Unification of AGNs
There is now ample evidence for partial unification of (a) Seyfert 1 and Seyfert 2 galaxies, in terms of obscuring tori and orientation effects; (b) steep-spectrum (lobe dominated) radio quasars and flat-spectrum (core dominated) radio quasars, in terms of relativistic beaming and orientation effects; and (c) blazars, radio-loud quasars and broad-line radio galaxies, and narrow-line radio galaxies, in terms of obscuring tori, relativistic beaming, and orientation effects. Variants or subsets of these basic sets have also been proposed — e.g., BL Lac objects and Fanaroff-Riley (1974) Class I galaxies. Much of the observational evidence was discussed at this conference, primarily by Bob Fosbury, Clive Tadhunter, Neal Jackson, Thaisa Storchi-Bergmann, Paul Alexander, Paolo Padovani, Dave Axon, and Alec Boksenberg, as well as in several posters; it involves spectropolarimetry, superluminal motion, projected sizes, relative numbers of different objects, lobe depolarization asymmetry, the inverse-Compton limit, ionization cones, variability, and other phenomena. A reasonable conclusion is that unification schemes must be correct at least to some degree.

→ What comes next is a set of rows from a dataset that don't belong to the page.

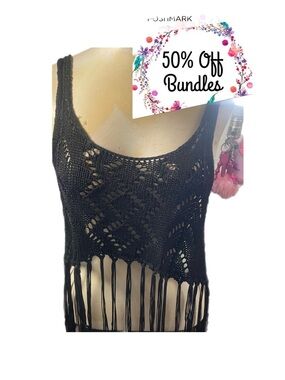 Forever 21 Black Crochet Fringe Tank Top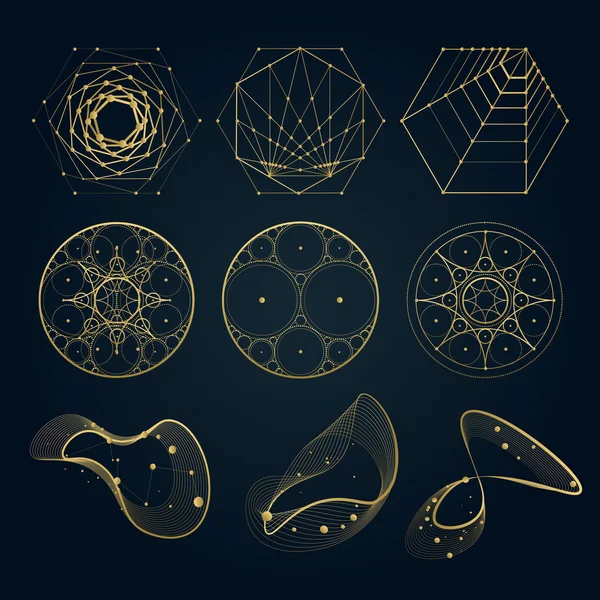 Sacred geometry forms — Stock Vector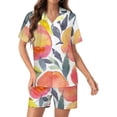 thumbnail image 1 of PRIYAL Ensemble de Pyjama Aquarelle Pêches pour Femmes, Shorts, Deux Pièces, Manches Courtes, 1 of 6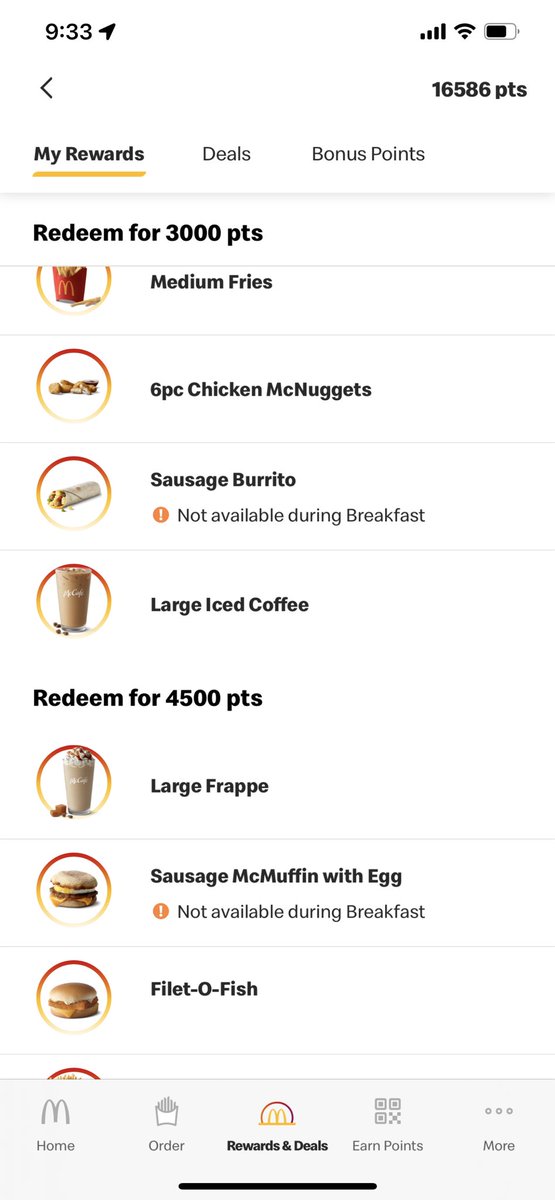 dezreid's tweet photo. @McDonalds please fix your app. All too often I get this not available during the particular meal time.   This was breakfast time 8 am. Happens more times then not https://t.co/jpojUwVatC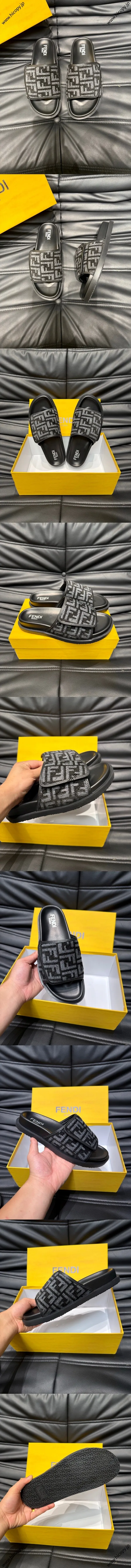 フェンディ ローマシリーズ メンズ スリッパ ビーチサンダル ブラック（FENDI 179）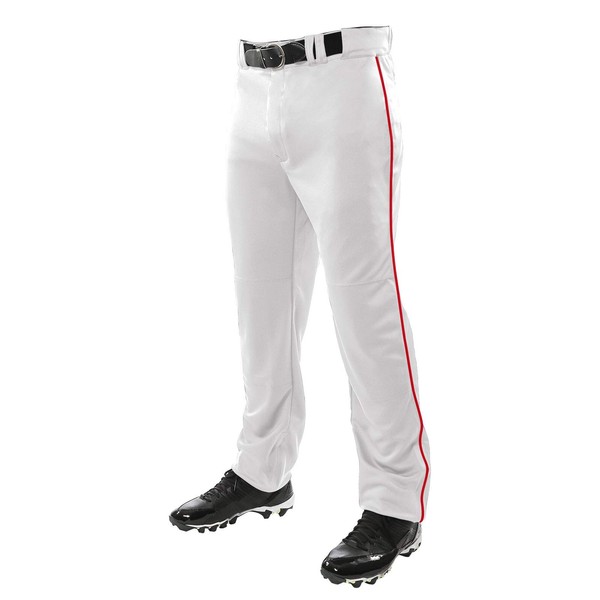 CHAMPRO Boys' Youth Triple Crown Open Bottom Baseball Pants, White, Scarlet Pipe, X-Large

It is not so clear, however, that the strong forms of the unification schemes are valid. Specifically, let me focus on the unification of Seyfert 1 and Seyfert 2 galaxies (Antonucci & Miller 1985). The strong form states that these are exactly the same objects, simply viewed from different directions; no other factors (such as differences in the thickness or opening angle of the obscuring torus) are involved.